Existe-t-il un accord non écrit conclu entre les partis politiques d’opposition pour ne pas proposer le remplacement de l’article 29, par un article qui autoriserait une intervention militaire en dehors des frontières algériennes ? L’usage consumériste des sondages et des classements internationaux par le régime politique algérien dénote de sa faiblesse à construire une vraie politique diplomatique. De mon point de vue, les sondages ne devraient pas être mentionnés parce qu’ils ne sont pas crédibles et contribuent à fournir une représentation fausse de la situation, mais l’addiction de la diplomatie algérienne à ce genre d'argumentaire rend impossible toute autolimitation, malgré la recommandation des sondeurs euxmêmes, car le sondage est un outil idéal pour le démagogue. Par ailleurs, une politique étrangère nécessite une réflexion or, ce ministre agit plus par réflexe qu’avec une réflexion. Concernant le dossier syrien et puisqu’un malheur n’arrive jamais seul, dans une interview à la chaine russe "RT.Arabic", en marge des travaux de la 72e session de l'Assemblée générale de l'ONU, l’avocat algérien du régime héréditaire d’Al Assad a eu l’impudence d’affirmer que "l'Algérie s'est opposée, dès le départ, au gel de la qualité de membre de la Syrie auprès de la Ligue arabe et nous œuvrons, a-t-il dit, pour que Damas retrouve sa place au sein de cette instance régionale, saluant la qualité des relations entre Alger et Damas". De plus ,il a rappelé "avoir effectué, l'année dernière, une visite en Syrie, qui a coïncidé avec le 60e anniversaire de l'indépendance de la Syrie, ajoutant qu'il était porteur d'un message de soutien au peuple syrien dans sa lutte antiterroriste et d'un autre message appelant à une solution politique à travers la réconciliation nationale, entre tous les Syriens".

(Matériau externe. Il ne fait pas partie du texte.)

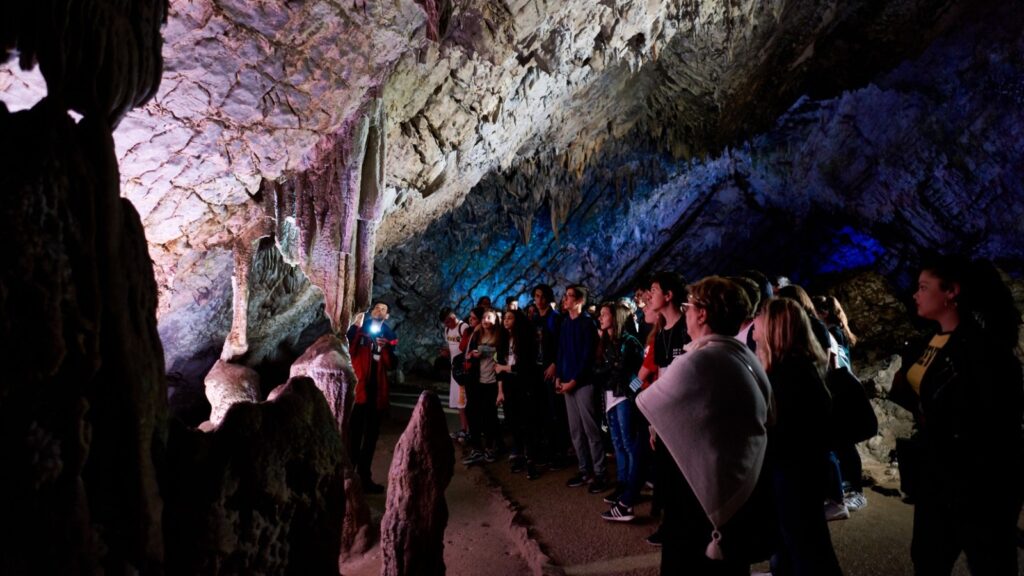 Un certificato per la prima volta in grotta: il “Battesimo della Terra” alle grotte di Pertosa-Auletta
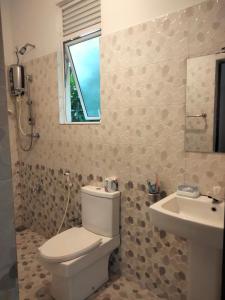 Koupelna v ubytování Thenu Homestay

La tentative de réhabilitation de Bachar Al Assad est une faute morale pour l’avenir de la Ligue des Etats arabes. Il est consternant de noter que le soutien apporté par la diplomatie algérienne au régime sanguinaire de Bachar Al Assad. Si l'on comprend bien, rien ne justifie une rupture des relations diplomatiques avec la Syrie. Il est important de rappeler que lors de sa dernière apparition au conseil de sécurité de l’Onu, l’Algérie s’est abstenue lors du vote sur la résolution 1559 intitulée "La situation au Moyen-Orient" le 2 septembre 2004. Cette même année, Abdelkader Messahel occupait la fonction de ministre délégué auprès du Ministre d'État, ministre des Affaires étrangères, chargé des Affaires africaines. Le texte adopté concernait notamment le démantèlement des milices présentes au Liban. Avant de s’atteler à la conduite des affaires étrangères, le ministre devrait mieux gérer les affaires consulaires. Il n’y a qu’à voir le mépris avec lequel certains chefs de postes consulaires traitent les ressortissants algériens en France. Le ministre Messahel est-il capable de moraliser la vie diplomatique ? Il incombe à une partie de la communauté nationale établie à l’étranger de se mobiliser, pour contribuer au rayonnement du pays car les consulats reflètent l’image de la nation. Pour paraphraser le titre d’un livre, la diplomatie algérienne est passée d’une puissance sur papier à une puissance en papier : jusqu'à quand ?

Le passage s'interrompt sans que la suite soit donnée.